The most common reason for such dramatic changes is that reality has set in. Going from laid-back summer days to a more rigid school schedule is a tough transition, and as students get older, each new year comes with increased responsibility and expectations.
Many young children struggle with this change because they’ve imagined what school will be like, and reality is often far different. Kindergarten, in particular, is a new experience with expectations and demands unlike preschool or daycare.
No matter your student’s age, transitioning back to school can cause them to exhibit strong emotions and behaviors. And if you or a teacher responds critically, your student may feel like they’ve lost the support they desperately need during this fragile time. To avoid this issue, parents and caregivers must take steps to ease the school transition. Here are some back-to-school prep tips to help your student start the new year off on the right foot!
Tips for Successful Back-to-School Prep
1. Organize Your Calendar
Begin your back-to-school prep well in advance by assessing your calendar. First, put in all school events for the year so you’re organized as the months go by and activities ramp up. Then, clear the calendar for the first few weeks of school to allow plenty of downtime and rest while your child acclimates.
That said, sprinkle in a few fun activities during those first few weeks. Just because summer has ended doesn’t mean family activities need to also. Plus, this helps create strong family bonds and allows decompression during the school transition.

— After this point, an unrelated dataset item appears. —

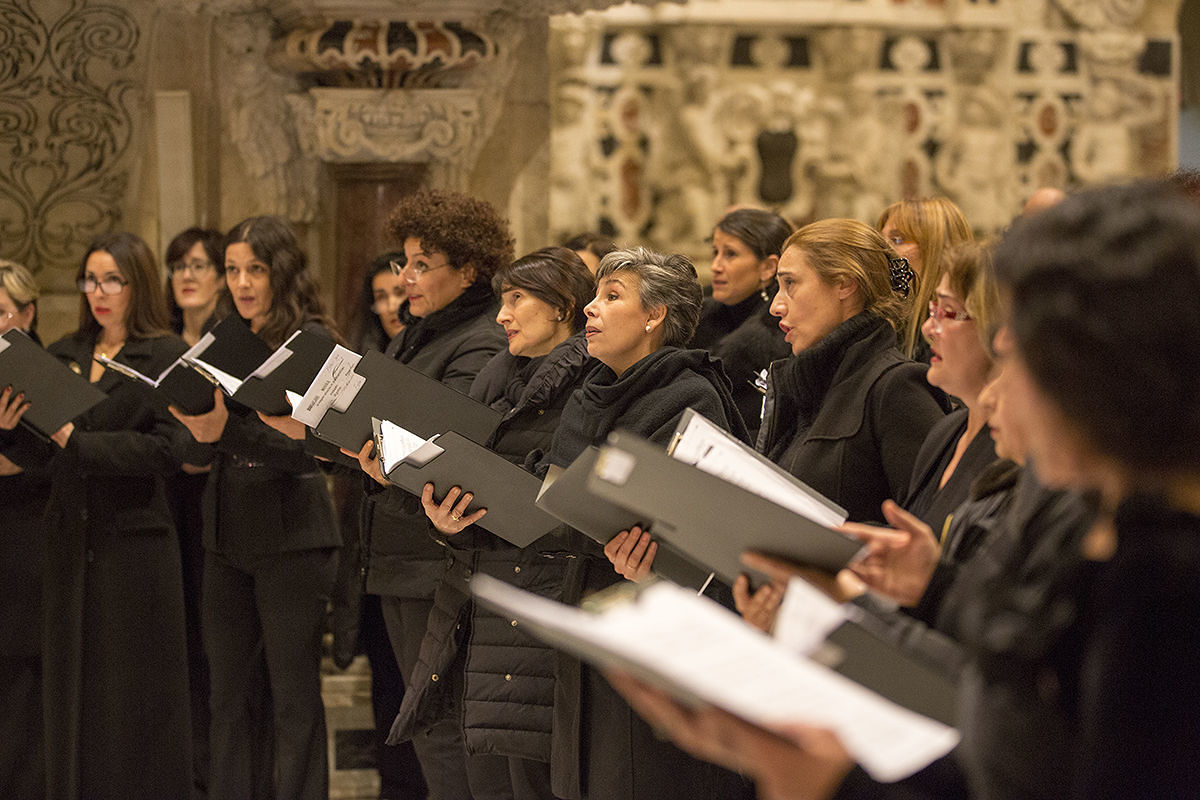 Il Coro femminile del Teatro Lirico in tournée in Sardegna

2. Get Familiar With the Changes
Make an effort to become familiar with the new environment and people. Visit the school ahead of time so your child knows where they’re going, and be sure to meet with their teachers if given the opportunity. Talk about the school-year schedule, develop a morning routine for a smooth start, gradually build up the routine, and even do a practice run the week before school starts.
While you don’t want to rush the end of summer, dropping in small moments of preparation can go a long way in making your child feel more comfortable with the upcoming transition.
3. Anticipate Pain Points and Create Solutions
As you familiarize yourself with the changes, try to note areas of your life that you can adjust to make things run more smoothly. Some questions to get you started are:
- Is there a drop zone for backpacks, jackets, and sports gear?
- Do you have a supply area so your child avoids scrambling around for materials when doing homework?
- Are you emphasizing good sleep habits and eating a healthy breakfast?
- Do you have a plan for making school lunches in advance?
- Have you established a home routine that creates stability and predictability? Consider making a routine chart so that even the youngest children can follow along.
Having these pain points solved in advance can avoid frustration later. Any shortcut you can devise will be invaluable during the back-to-school transition!
4. Manage Emotions—Both Theirs and Yours!
During this time, your child will need extra reassurance and care. Therefore, it’s essential to validate their feelings before trying to problem solve for them. Sometimes, simply naming their emotion and recognizing it makes it seem less scary.
Remember that adults can set the tone, so managing your feelings of concern or anxiety will help you present a positive attitude and give your child an example of coping well. Read stories about back-to-school transition or separation anxiety, like The Kissing Hand by Audrey Penn, if needed. Sometimes even giving them a physical reminder of home, such as a photograph or special bracelet, will provide extra reassurance.
Over time, taking the transition at the beginning of each school year will likely become easier. Talk to your children about their feelings and involve them in decision-making as you determine how to prepare your family for the school transition. Using these tips for back-to-school prep will assure your child that you’ve got their back and are setting them up for success.